Reggie decides to manipulate Bobo into signing over his inheritance to him to pay off gambling debts. Reggie tells Penny that she can use Bobo for wolf research, but first must teach him to walk, talk, read, and, of course, write. Penny gives Bobo a shave and a haircut, but getting him to act like a human proves to be a difficult task, and Bobo continues to unknowingly cause problems. Things get even worse when Bobo goes out in public, wreaking havoc in a shopping mall by going into dressing rooms, unwittingly trying on clothes and walking out of stores with them.

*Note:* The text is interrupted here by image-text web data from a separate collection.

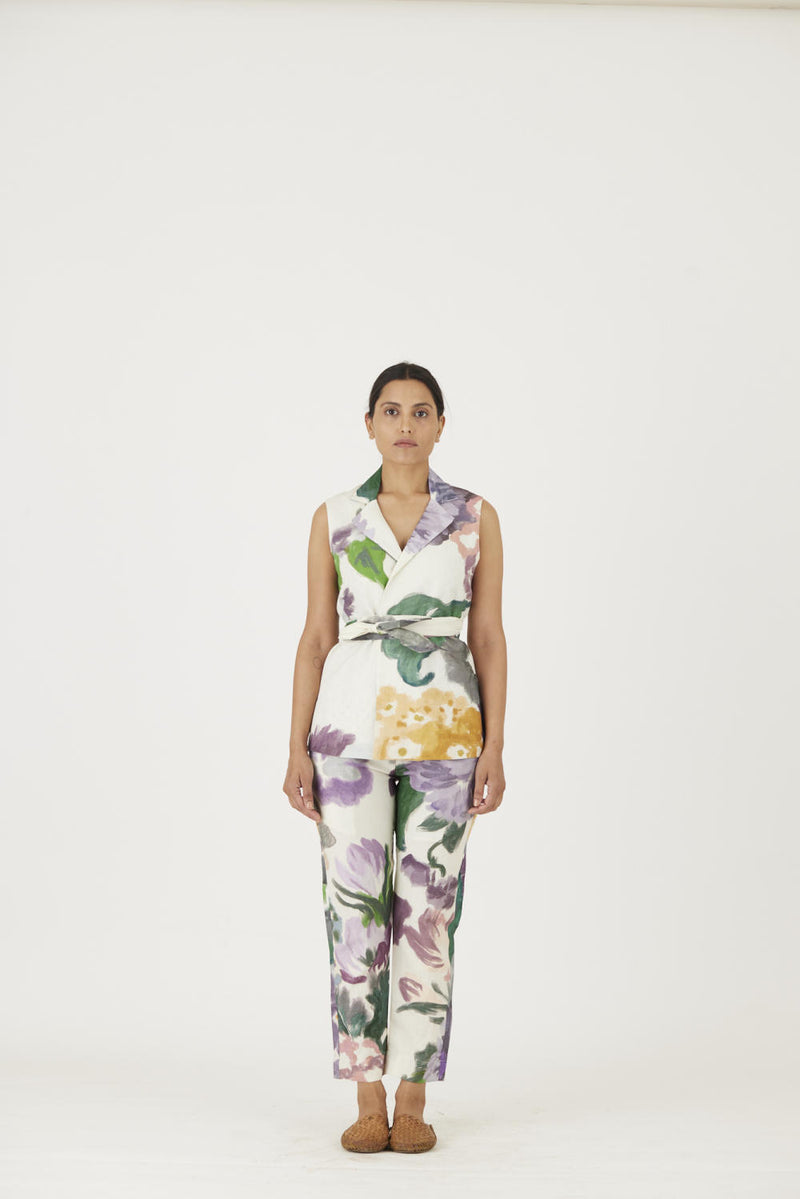 MARA JACKET SET mul Co-ord Set by Yam in multi color for women in Singapore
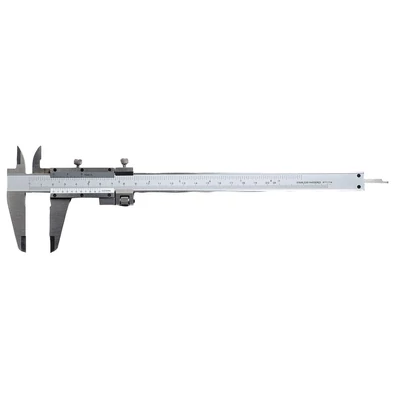 Analóg finombeállítós tolómérő, csavarrögzítéssel 300/0,05mm, 55mm-es alsó csőrrel MIB 01001021
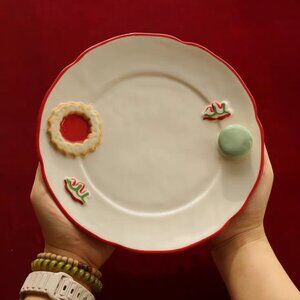 Brand New Discontinued Anthropologie Holifaye Stoneware Dessert Plate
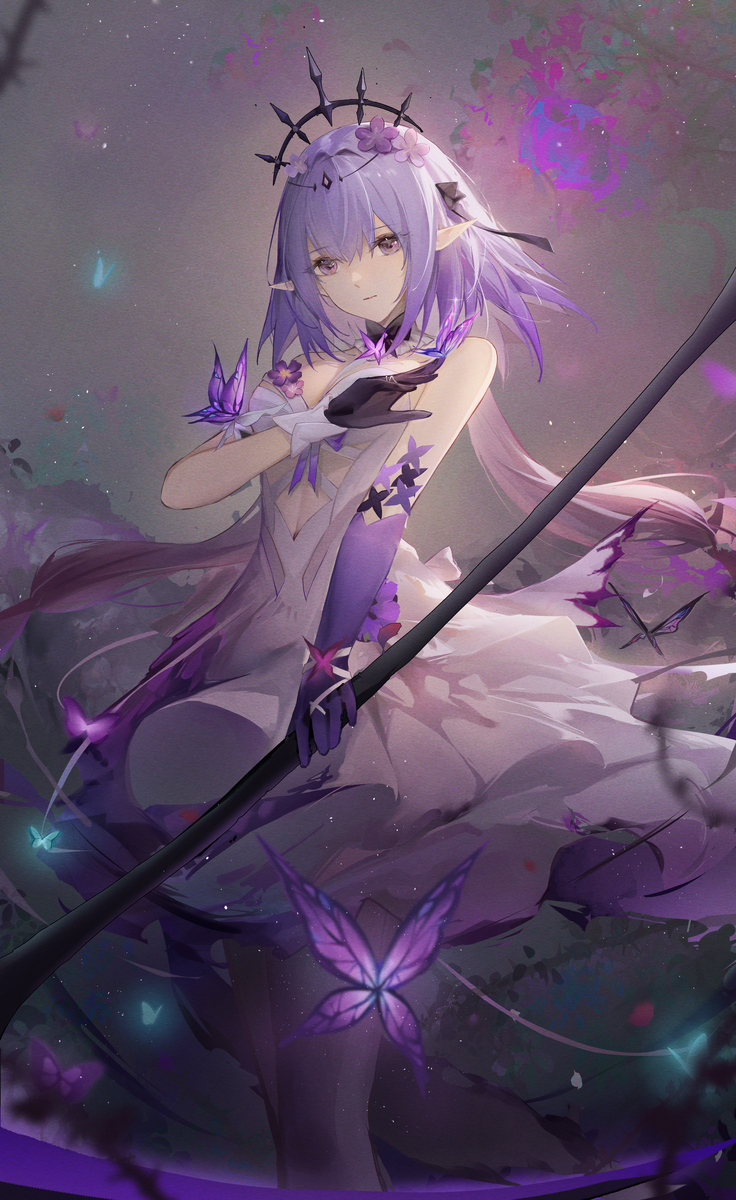 This is a pixiv picture whose title is 遐蝶.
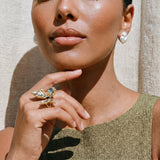 Iridescent Shell Statement Ring | Stones and Gems by Saday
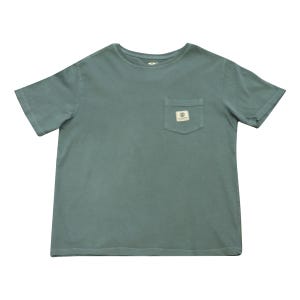Element Boy's T-Shirt Yale Blue Pocket Logo Patch S/S (S01) Gift
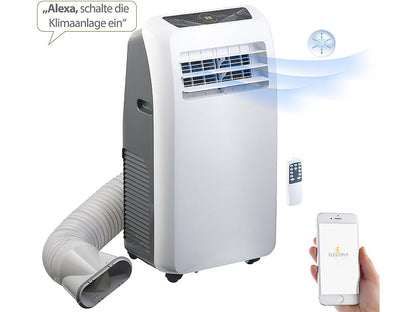 Sichler Klimaanlage Alexa: Mobile Klimaanlage, 9.000 BTU/h, 2.600 Watt, WLAN & App-Steuerung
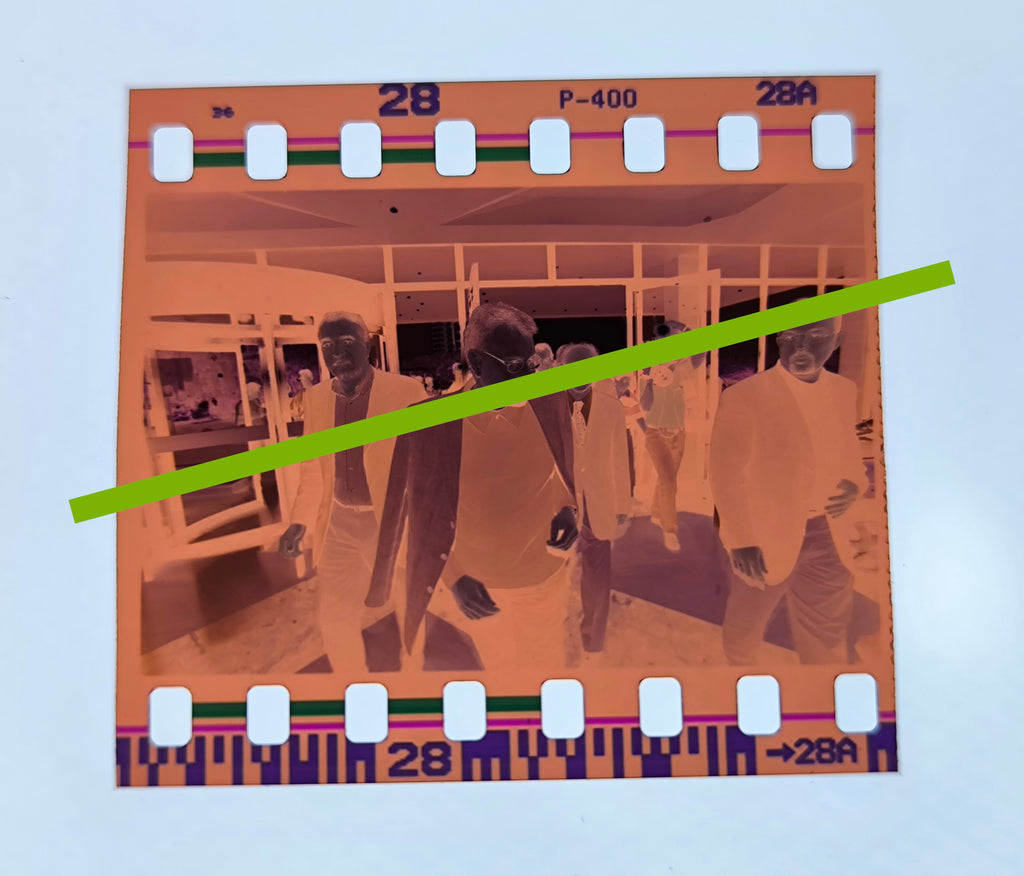 Negativo fotográfico original visita de Felipe González al Sidi Saler Valencia 35mm film Rare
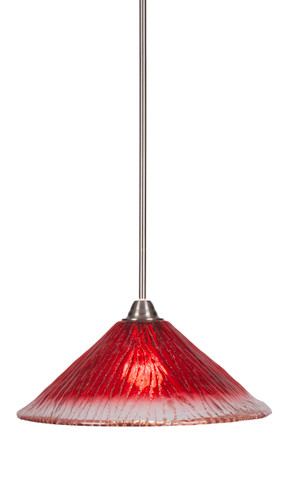 Paramount 1 Light Pendant In Brushed Nickel (3401-BN-716)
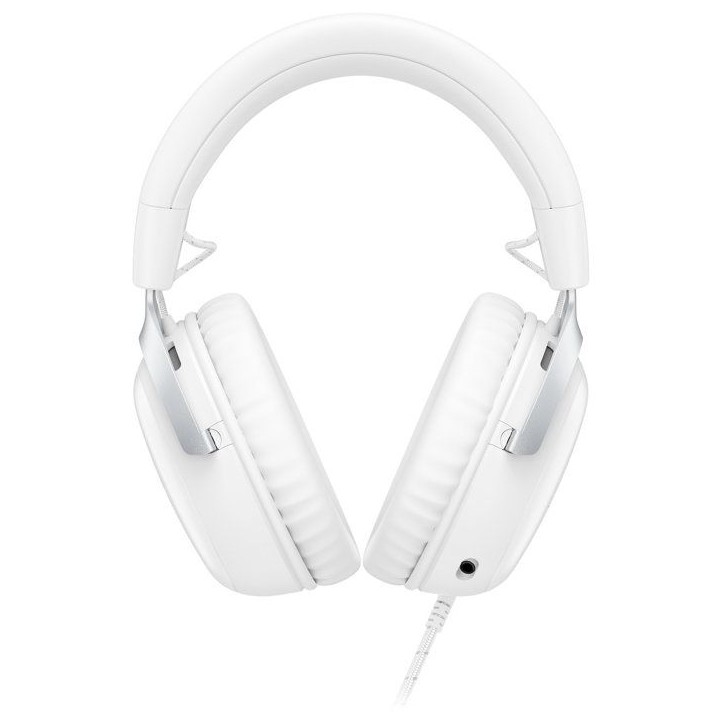 Casque Gamer Filaire HyperX Cloud III blanc pour PC PS5 PS4 Xbox X|S Xbox One Switch, Mac mobiles avec dongle et USB C vers USB Casque Gamer Filaire HyperX Cloud III blanc pour PC PS5 PS4 Xbox X|S Xbox One Switch, Mac mobiles avec dongle et USB C vers USB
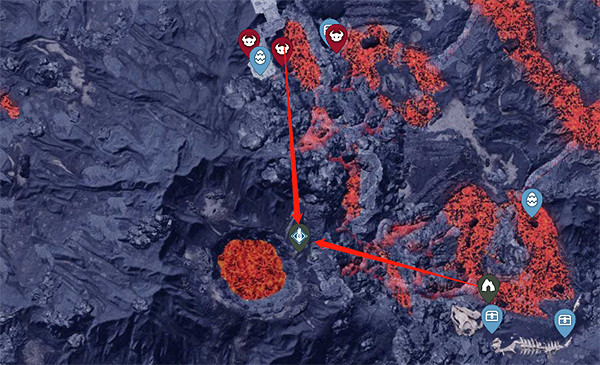 《幻獸帕魯》火山高塔位置介紹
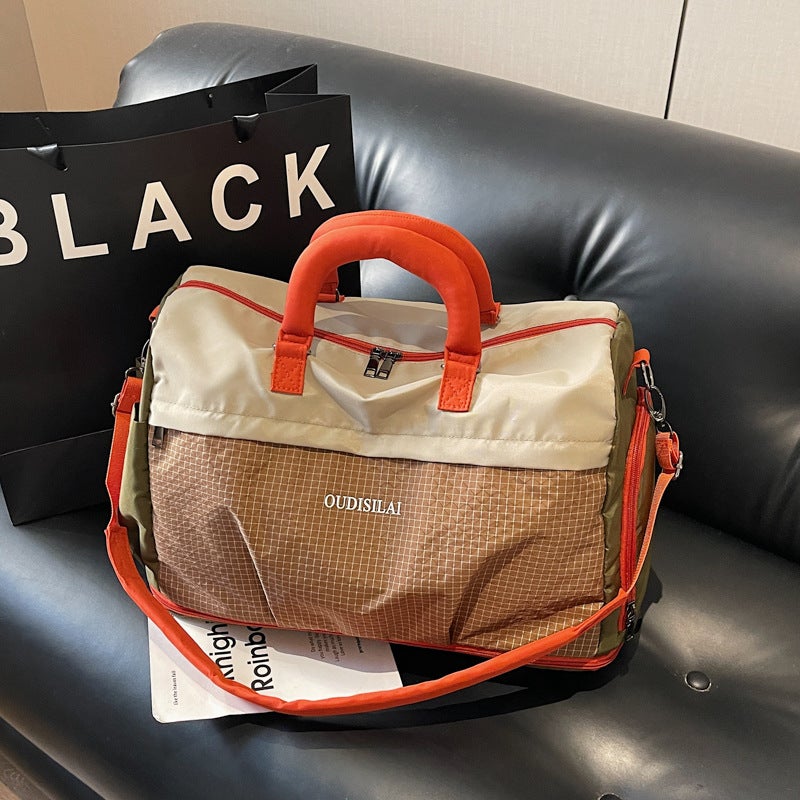 Large Capacity Expandable Travel Tote with Shoe Compartment, Waterproof and Scratch-Resistant, Wet and Dry Separation, for Gym and Short Trips - Image 4
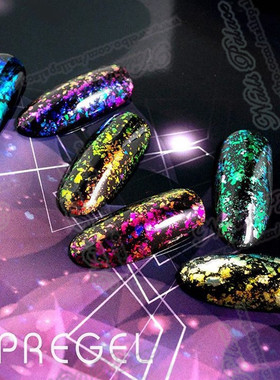 【现货】日本 pregel 魔镜粉 极光系列 欧若拉碎片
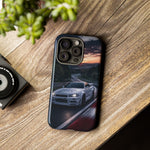 Skyline GT-R R34 White Nurburgring Speed Art Tough Phone Case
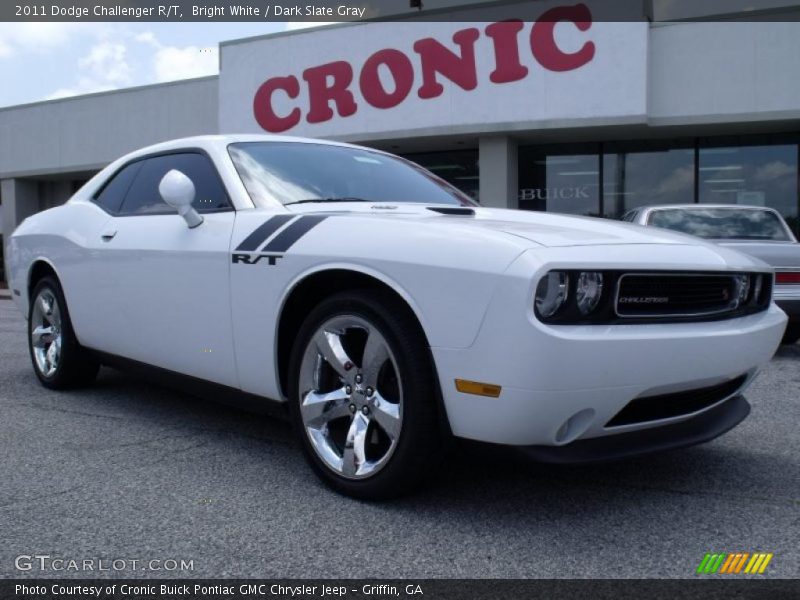 Bright White / Dark Slate Gray 2011 Dodge Challenger R/T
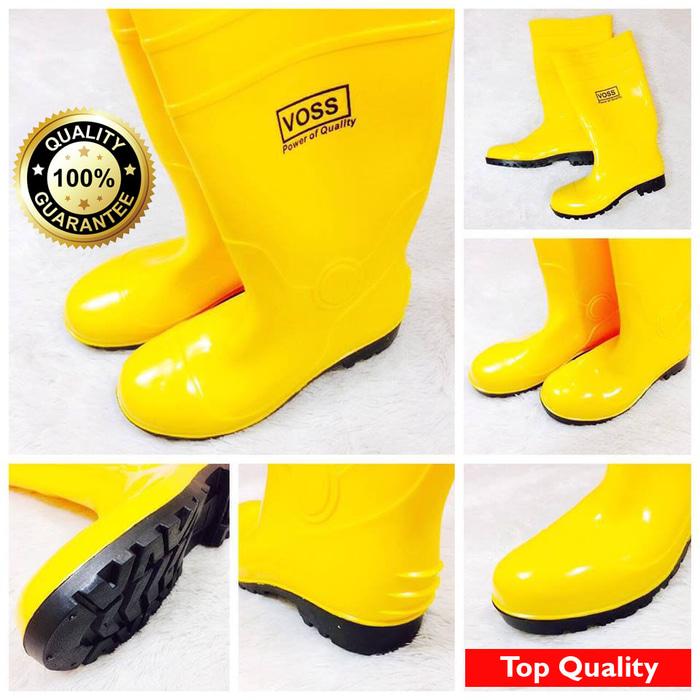 Sepatu Boots Karet Safety Kuning / Sepatu Proyek Lapangan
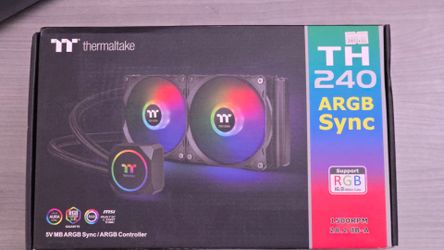 BRAND NEW SEALED THERMALTAKE TH240 ARGB Sync All-In-One Liquid CPU Cooler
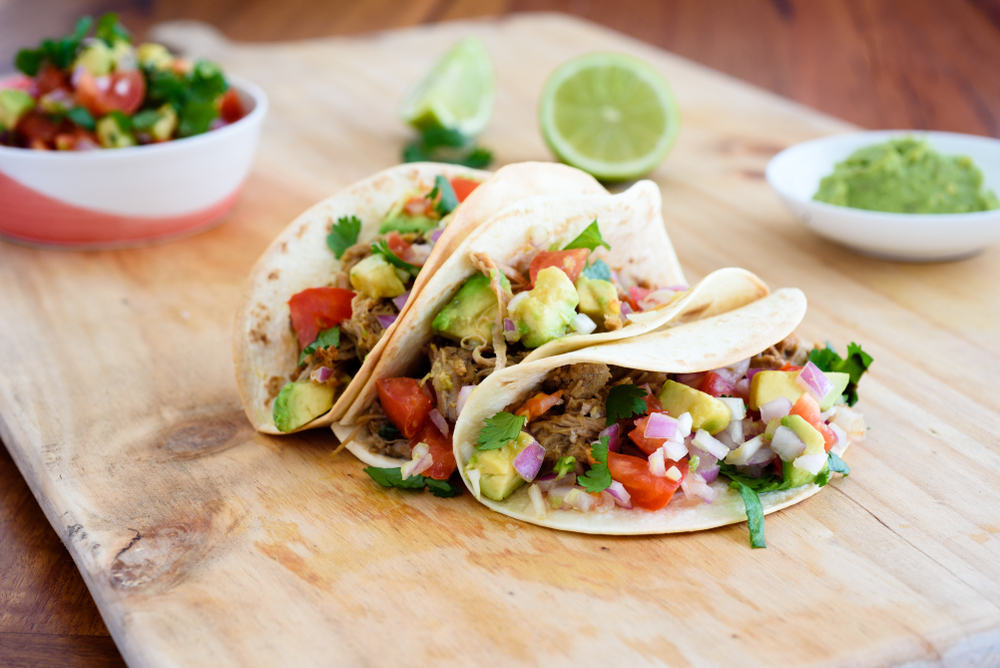 homemade tacos with so many toppings at one of the best Hampton restaurants 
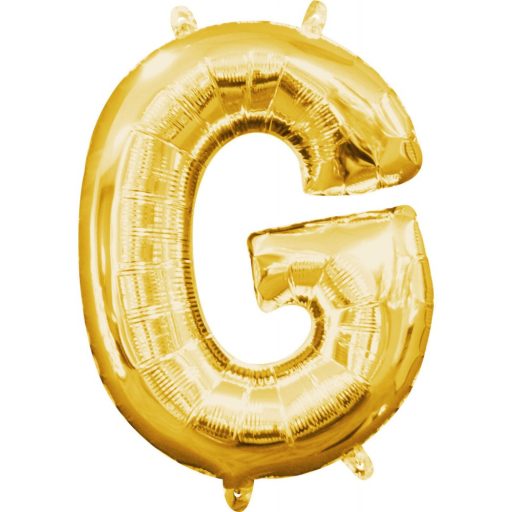 Arany Gold mini G betű fólia lufi 33 cm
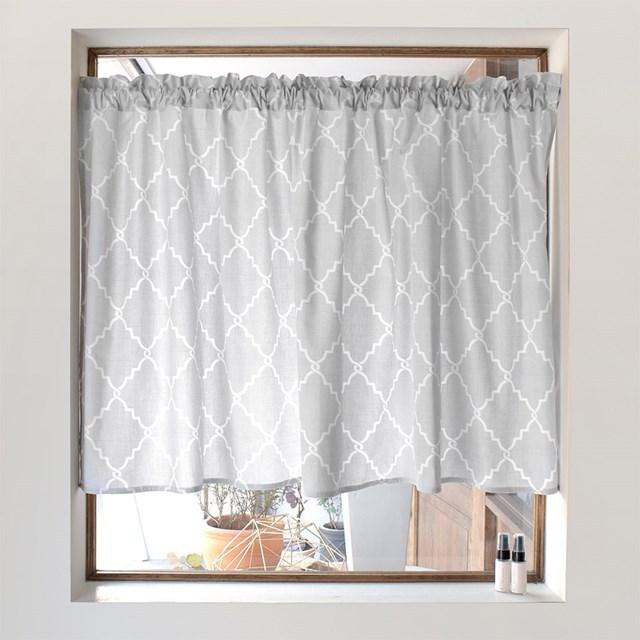 カフェカーテン 綿100% 72cm×142cm スタンダードタイプ モロッコ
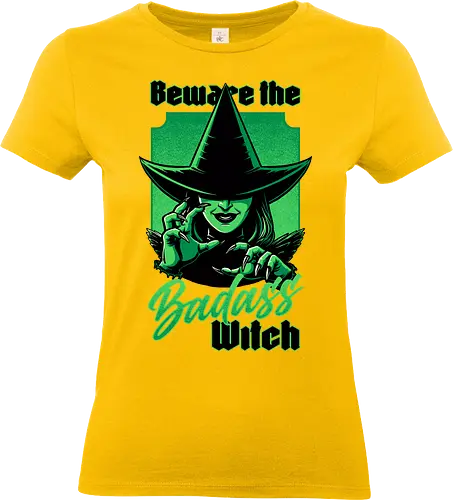 Beware Green Witch - Wicked, Wicked Witch Of The West, Wicked Witch, Elphaba, Glinda, Wizard Of Oz, Wizard, Witch, Classic, Cult Classic, Cult, Cult Films, Movie, Book, Play, Movie Theater, Theater, Retro, Retro Vintage, Vintage, Fantasy, Adventure, Music, Musical, Green - Standard T-Shirt (Frauen)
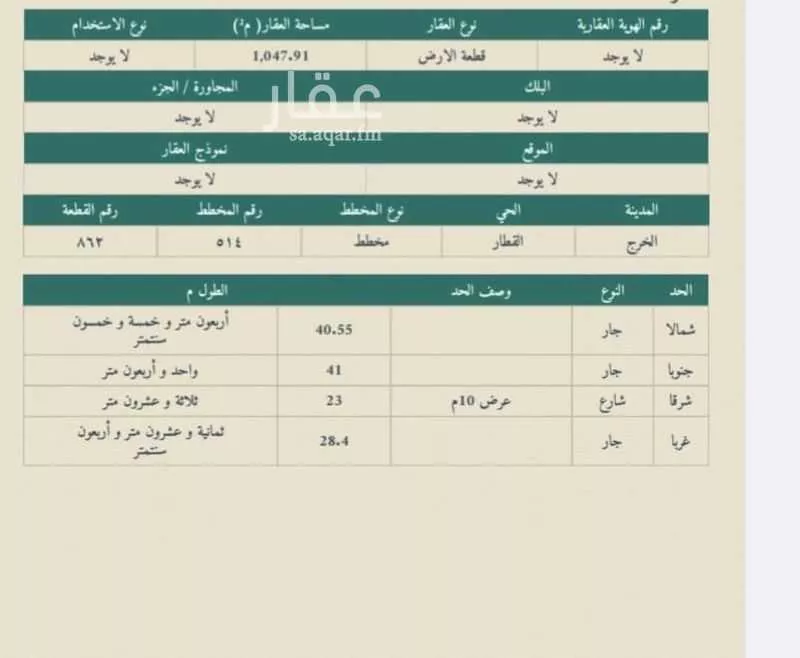 أرض للبيع في حي القطار ، الخرج ، الخرج 1 صورة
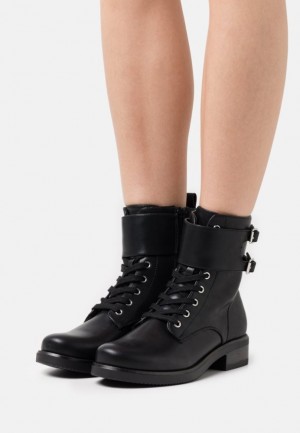Clenkove Topanky Anna Field Cipkovane Up Ankle Boots Damske Čierne | 967-RDTVGQ
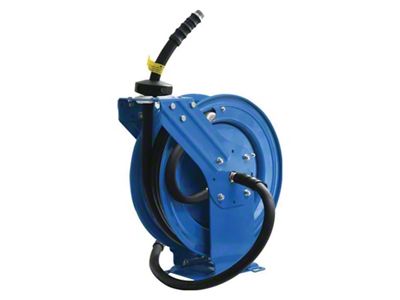 OilShield Rubber Fuel Transfer Hose Heavy Duty Single Arm Reel; 3/4-Inch x 50-Foot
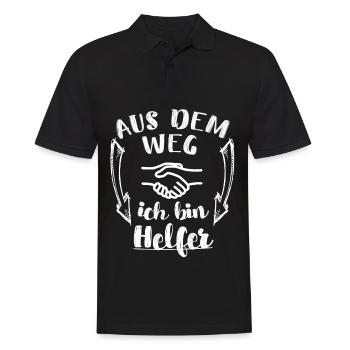 Helfer Freiwilliger Ersthelfer Veranstaltung Fest - Männer Poloshirt - Schwarz - Vorne - Kai (181cm)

As Bobo behaves more like a person than a dog, Penny begins to fall in love with him. Reggie wants her to speed up the training of his savage sibling, as the people he owes money to want their cash quickly. In court, Penny stands up for Bobo, having discovered Reggie's scheme. Bobo refuses to sign, and Reggie frantically engages in canine department -- growling, barking, chewing on a squeaky toy -- in an attempt to demonstrate how Bobo was acting, making him look insane to the judge, who dismisses the case. Bobo and Penny go outside and kiss, but Bobo stops to chase a fire engine.



The film was an independent film, among one of the first to be produced by Mandel. To this day, the budget is unknown. However, the film was also a box office bomb, grossing $460,608 at the box office.[1]

Home Video

The film was released on VHS shortly after its release, but that soon fell out of print during the late 1990s. Its replacement was a DVD that was produced by MGM. It was discontinued, and the film remains currently out of print. As of January 2012, it can be found on Netflix.